企業の枠を超えて自動車産業の将来を考える「自動車100年塾」は、2016年6月に一般社団法人化したのに伴い、本格的な活動を開始する。その第1弾として、リアル開発会議とタッグを組み、2016年10月から「自動車産業改造計画」をスタートさせる。

 自動車100年塾は、次の100年も日本の自動車産業が世界をリードし続けるための〝孵化基盤〟となることを目指している。これまでは著名な講師を招いての勉強会が活動の中心だったが、今回の「リアル開発会議」との共同事業を契機に、具体的な「事業」を生み出す活動にも踏み出す。

 円安の追い風もあり、自動車メーカー各社の2016年度の決算では、営業利益で過去最高を達成する企業が相次ぐなど、現在の日本の自動車産業の業績は極めて良好である。しかしながら、次の100年を見据えた場合、日本の自動車産業の基盤は盤石といえるだろうか。クルマのパワートレーンは、ガソリン車が主流の時代から、ディーゼル車、ハイブリッド車、プラグインハイブリッド車、電気自動車、そして最近では燃料電池車が登場するなど多様化が進んでいる。一つの企業ですべての領域における競争力を確保することは難しい局面になりつつある。

 さらに大きな変化は、クルマの知能化が急速に進んでいることである。ドライバー支援システムの普及と、その先にある自動運転技術の実用化は、自動車産業のありようを大きく変えていく。自動車産業は、IT技術と連動しながら、車両単体のビジネスから、都市内、あるいは都市間の「移動インフラ」のビジネスへと変貌する公算が強い。こうした非連続的な変化は、日本の自動車産業の存立基盤を根底から覆す可能性がある。

 こうした非連続的な変化に対し、危機感を抱く業界関係者は少なくない。また、こうした非連続的な変化に対応するためには、自動車業界の中に閉じていては打開策が得られないことを理解している関係者も多い。しかし、その多くは、どのように他分野の企業や団体と知見を交換し、どのように行動すれば良いのかが分からず、一歩前に踏み出すことができずにいるのが現状である。

4回のワークショップを実施、深まる将来への危機感

 こうした状況を打破するには、将来のあるべきビジョンを、企業の枠を超えた議論を通して構築し、関係者の知見や視野を広げ、交流を深める場が必要である。私たちは、次の100年も世界の自動車産業をリードし続けるために、このような場を提供し、具体的な行動を起こすためのプラットフォームとなることを目指し、有志メンバーで「自動車100年塾」を発足した。

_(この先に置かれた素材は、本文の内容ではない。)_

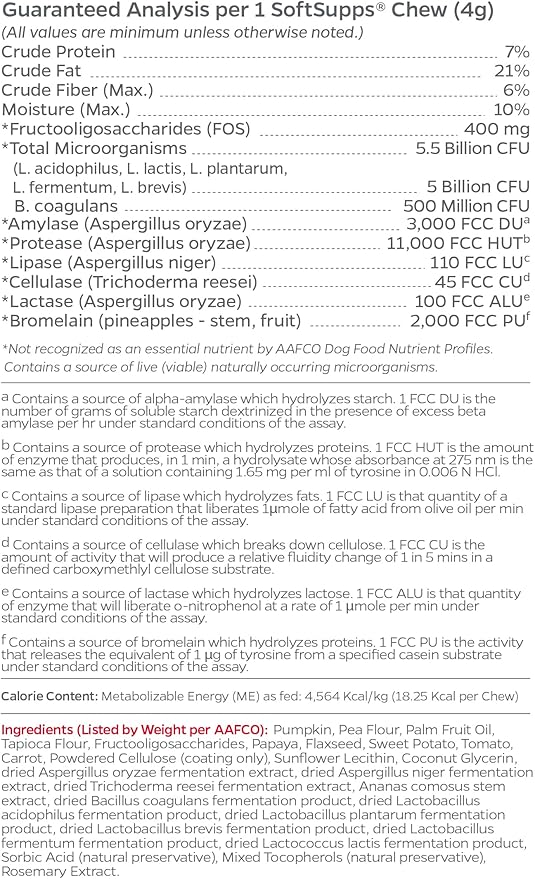 Pet Parents® Probiotic SoftSupps® Digestive Enzymes for Dogs, Probiotics for Dogs with Pumpkin for Dogs & Dog Digestive Enzymes, Anti Diarrhea for Dogs, 90ct Canine Probiotic Chews for Dogs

 自動車100年塾は、2015年3月に発足し、2015年5月にNPO法人産学連携推進機構理事長の妹尾堅一郎氏を講師にお迎えして、第1回ワークショップを実施した。このワークショップでは、妹尾氏に「ロボットとしての自動車、サービスとしての自動車〝次世代産業生態系の観点から自動車の未来を考える〟」というタイトルで登壇いただき、イノベーションとは何か、産業生態系の変化、「オープン&クローズ」の知財戦略、「サービス」と「モノ」との関係性などについて講演いただいた。

 2015年8月に開催された第2回ワークショップでは東京大学政策ビジョン研究センター シニアリサーチャーの小川紘一氏を講師に迎え、「IoT時代の自動車産業と日本企業の方向性〝自動車産業にオープン&クローズ戦略思想が必要となった〟」と題して講演いただいた。

 小川氏は、先進国の製造業が直面する共通の課題として過去20年、生産性が伸び悩んでいることを挙げ、その一方では、100年ぶりに出現した経済革命が進んでいると指摘した。このように新しい産業生態系が生まれる中でビジネスモデルを設計するためのツールが「オープン&クローズの戦略思想」だと小川氏は指摘した。